« Si j’avais été à la place de Milošević en 1998, j’aurais procédé à un nettoyage ethnique du Kosovo. C’est la déclaration la plus difficile que j’aie jamais faite. Non pas au sens où ils [les Albanais du Kosovo] veulent nous liquider aujourd’hui, mais de manière qu’ils ne se sentent plus partie intégrante de la Serbie et retournent dans leur pays d’origine. »
Ces propos, la ministre serbe de l’Administration d’État et de l’Autonomie locale, Snežana Paunović, les a tenus le 11 juillet, lors d’une émission Youtube du tabloïd Kurir, favorable au gouvernement d’Aleksandar Vučić.
Ils ont provoqué un torrent de réactions, d’abord au Kosovo, où la ministre, elle-même originaire de Peja/Peć, a rapidement été déclaré persona non grata.
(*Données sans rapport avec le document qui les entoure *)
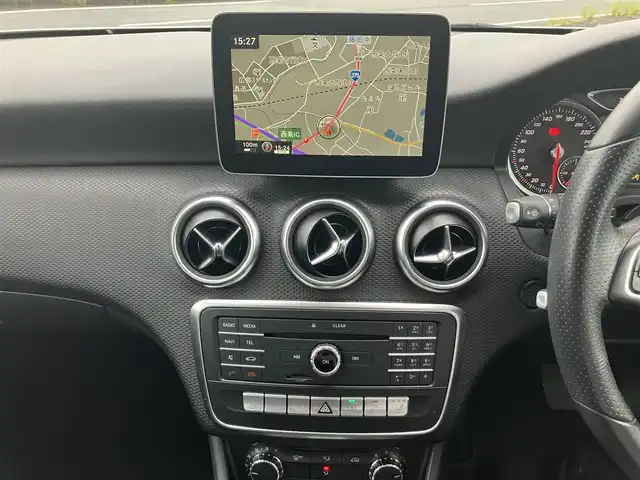 メルセデス・ベンツ Ａ１８０ AMG スタイル 広島県 2018(平30)年 5.5万km カルサイトホワイト 純正ナビ・フルセグTV/バックカメラ/ハーフレザーシート/シートヒーター/LEDオートライト/パドルシフト/レーダークルーズコントロール/アクティブブレーキアシスト/アテンションアシスト/ブラインドスポットアシスト/レーンキープアシスト/コーナーセンサー/キーレスゴー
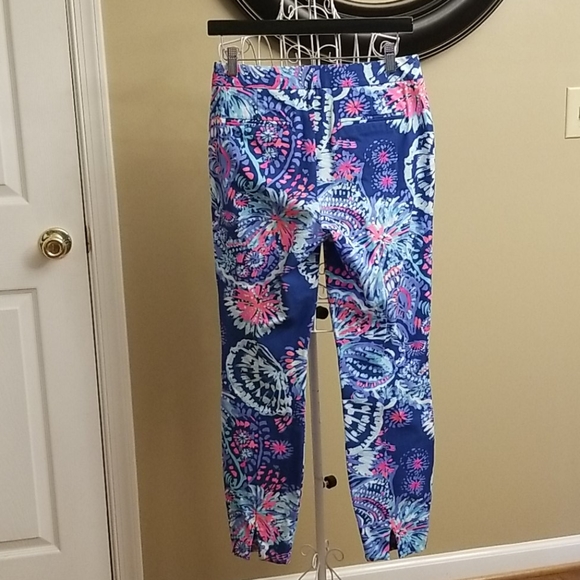 Women's Fabulous Lilly Pulitzer Pants - Picture 4 of 7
Ils sont « la preuve que la Serbie ne s’est pas encore libérée de l’idéologie génocidaire et de la politique criminelle de Milošević qui ont engendré des guerres, des massacres et une honte historique », a par exemple réagi Andin Hoti, le fils de l’intellectuel et militant Ukšin Hoti, porté disparu depuis 1999, note le site Kossev.